(Recorded data)
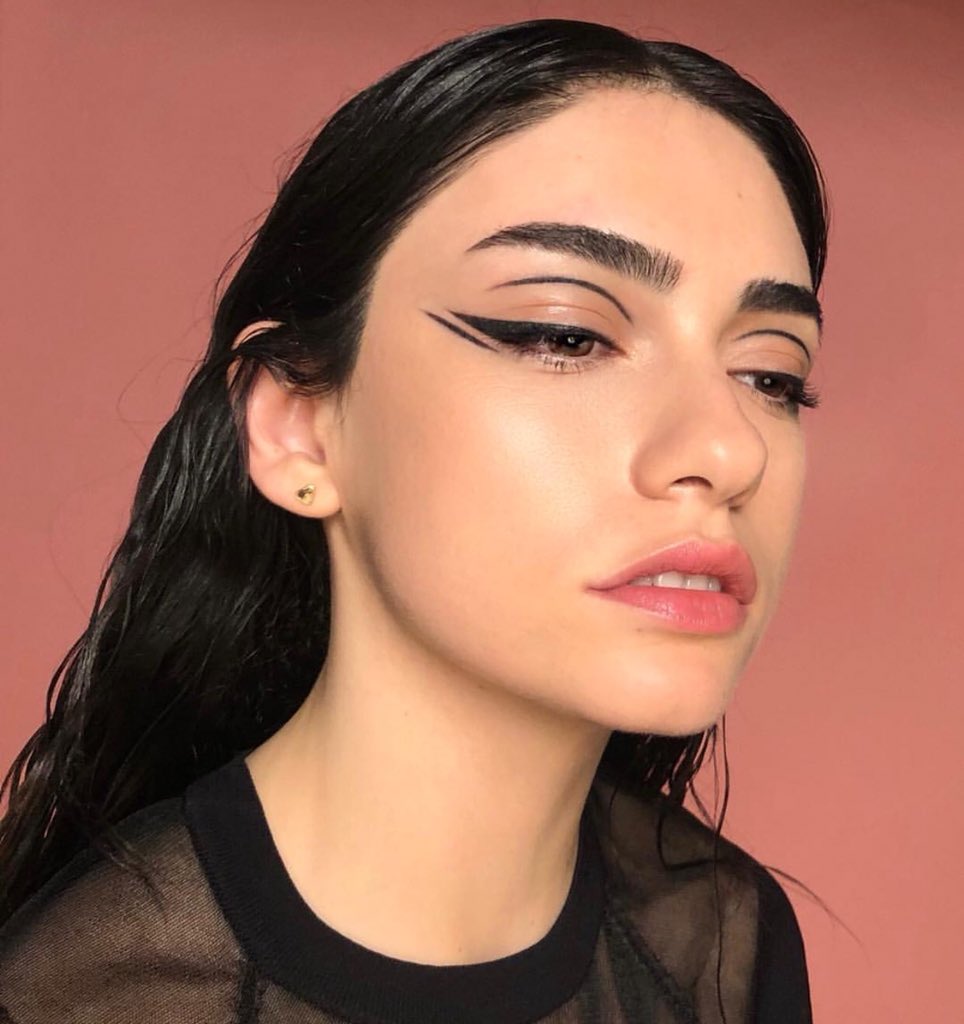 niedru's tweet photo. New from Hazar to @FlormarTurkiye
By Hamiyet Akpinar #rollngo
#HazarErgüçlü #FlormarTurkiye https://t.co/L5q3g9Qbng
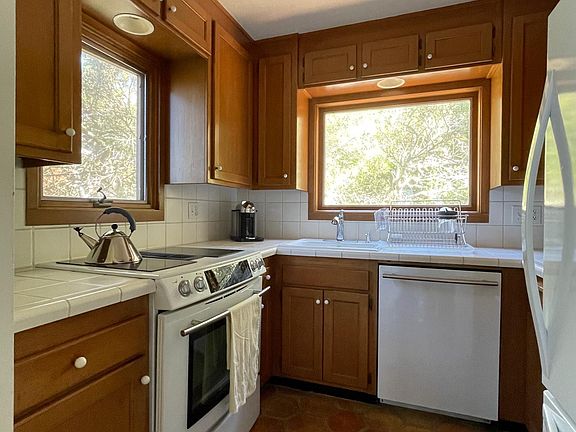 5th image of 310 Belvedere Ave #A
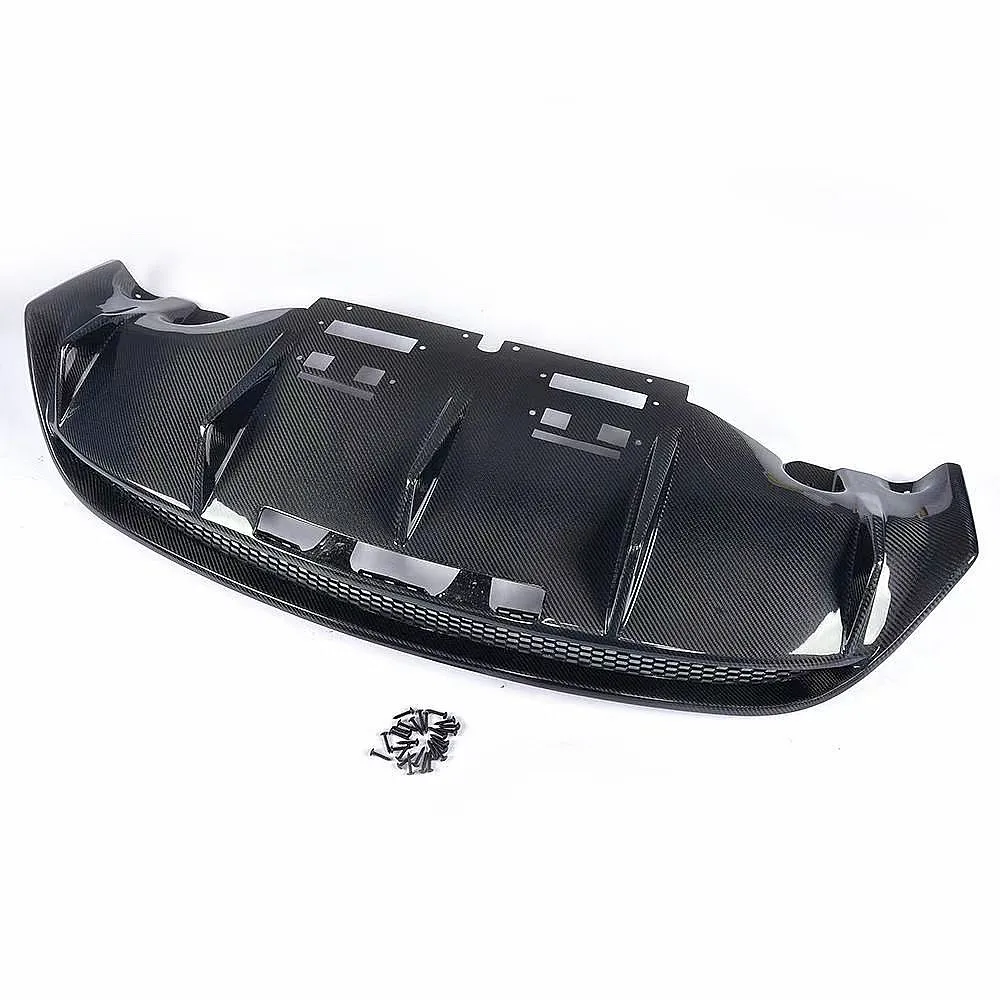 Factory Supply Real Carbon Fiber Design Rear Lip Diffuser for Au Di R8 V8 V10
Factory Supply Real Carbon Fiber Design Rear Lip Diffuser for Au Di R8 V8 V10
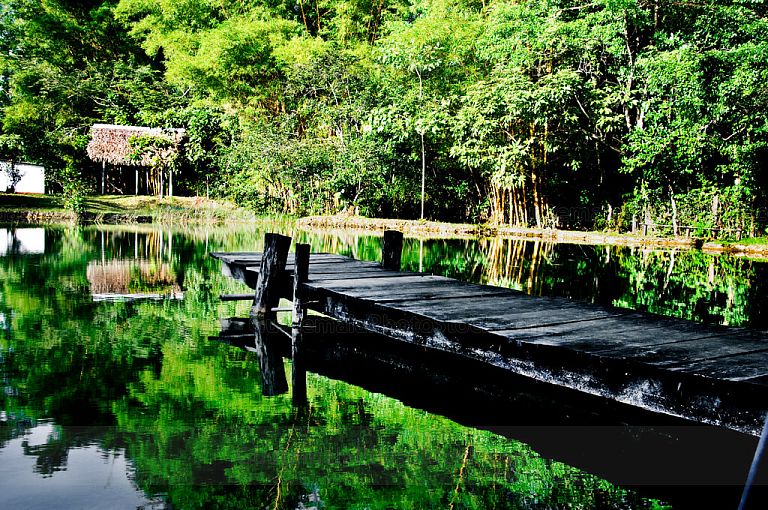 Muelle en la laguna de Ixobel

## GOAL OF THE EXERCISE
Retype all the data exactly, please, without pictures.

## EXERCISE RESULT
 niedru's tweet photo. New from Hazar to @FlormarTurkiye
By Hamiyet Akpinar #rollngo
#HazarErgüçlü #FlormarTurkiye https://t.co/L5q3g9Qbng
 5th image of 310 Belvedere Ave #A
 Factory Supply Real Carbon Fiber Design Rear Lip Diffuser for Au Di R8 V8 V10
Factory Supply Real Carbon Fiber Design Rear Lip Diffuser for Au Di R8 V8 V10
 Muelle en la laguna de Ixobel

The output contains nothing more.